[Data for this task]

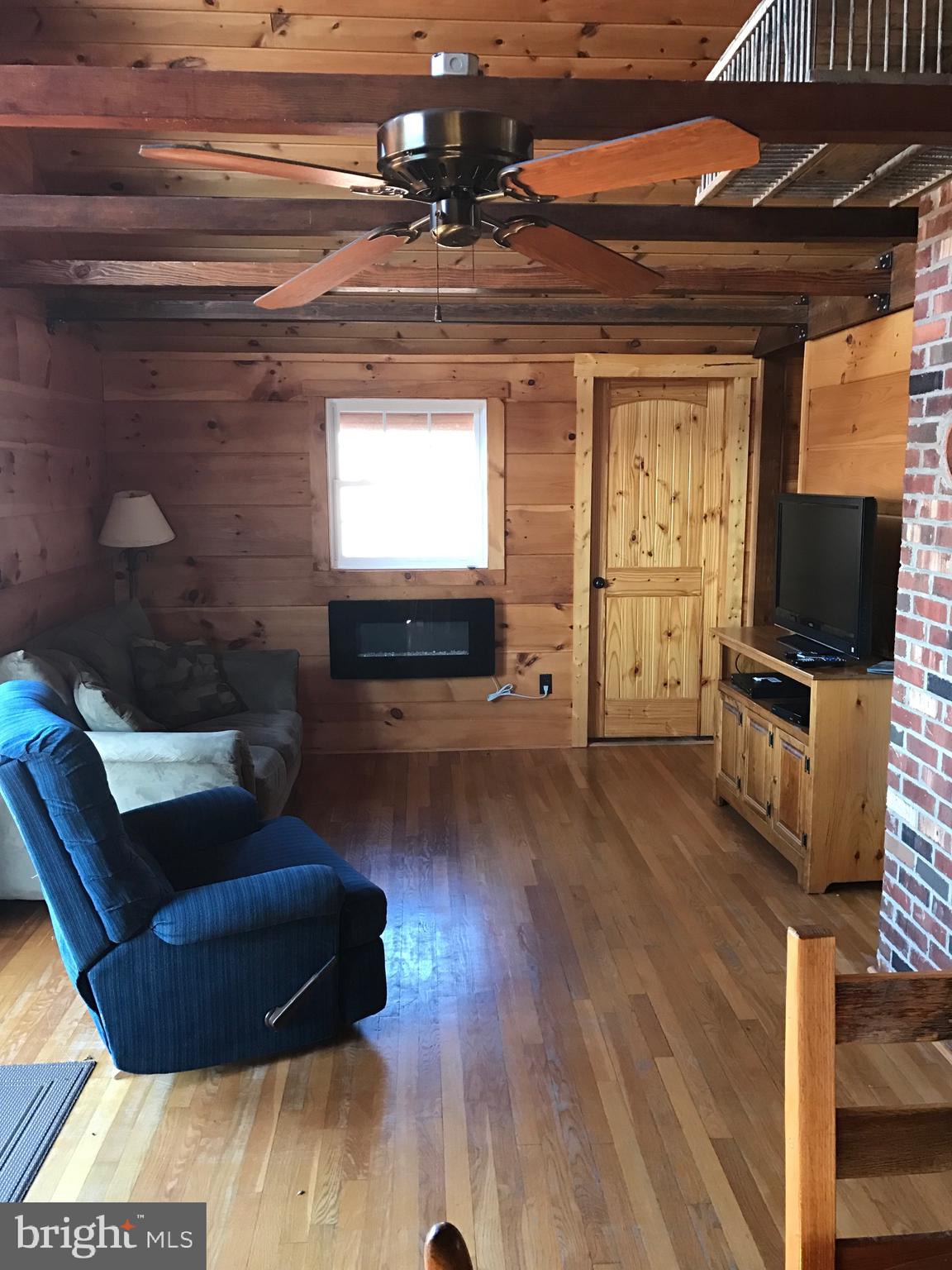 205 Meadow Hill Lane Rileyville, VA 22650 - Photo 8 of 53 a living room with furniture and a flat screen tv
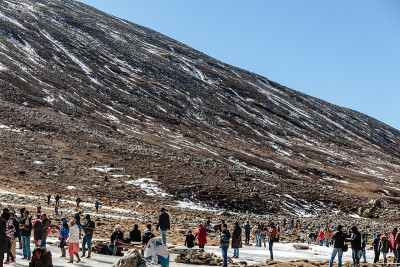 黑山下有雪，游客在地上有棕色的草，雪和结冰的池塘在冬天在零点拉冲。北锡金,印度。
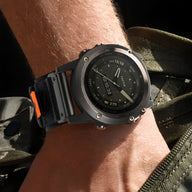 Bracelet montre connectée noir en nylon résistant avec attache velcro orange et coutures renforcées.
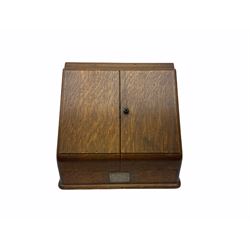 Oak correspondence box, the sloped front opening to reveal a fitted interior with letter rack and calendar, H34cm W39cm. 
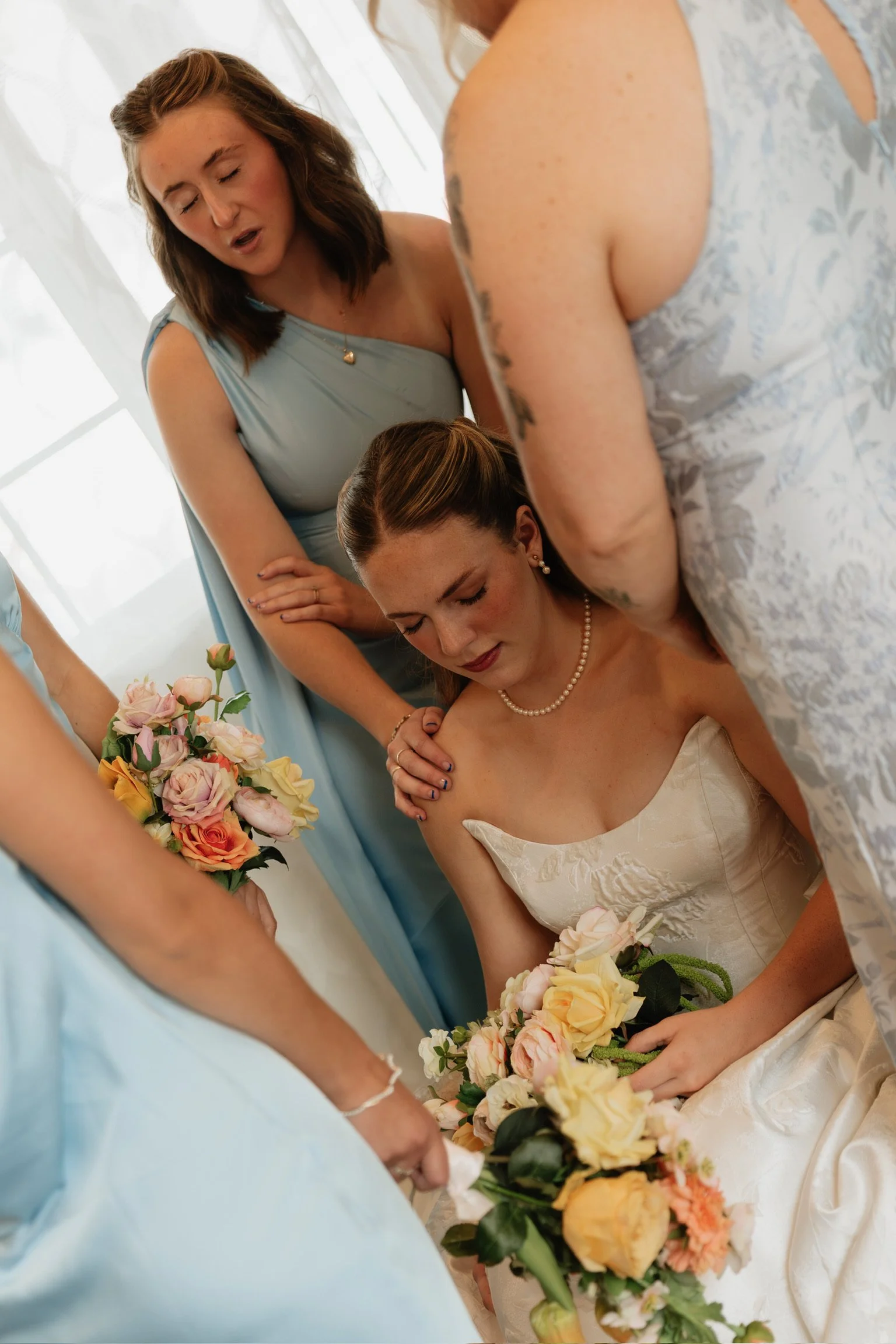 A bride dressed in a white wedding gown holding a bouquet of pink, peach, and cream roses, surrounded by women in pastel dresses during a wedding ceremony.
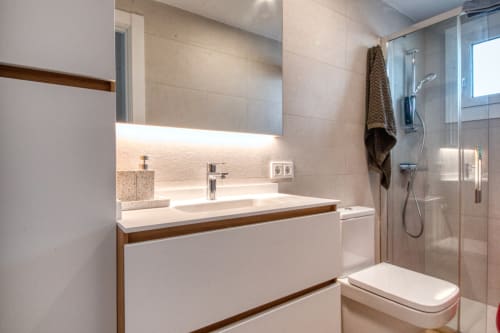 Modern bathroom with vanity, mirror, and shower at Finques Garcia Enrich apartment in Palafrugell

[/Data for this task]

__Directions for this task__: Write every entry out again exactly, dropping the pictures.

__Solution for this problem__:
 205 Meadow Hill Lane Rileyville, VA 22650 - Photo 8 of 53 a living room with furniture and a flat screen tv
 黑山下有雪，游客在地上有棕色的草，雪和结冰的池塘在冬天在零点拉冲。北锡金,印度。
 Bracelet montre connectée noir en nylon résistant avec attache velcro orange et coutures renforcées.
 Oak correspondence box, the sloped front opening to reveal a fitted interior with letter rack and calendar, H34cm W39cm. 
 A bride dressed in a white wedding gown holding a bouquet of pink, peach, and cream roses, surrounded by women in pastel dresses during a wedding ceremony.
 Modern bathroom with vanity, mirror, and shower at Finques Garcia Enrich apartment in Palafrugell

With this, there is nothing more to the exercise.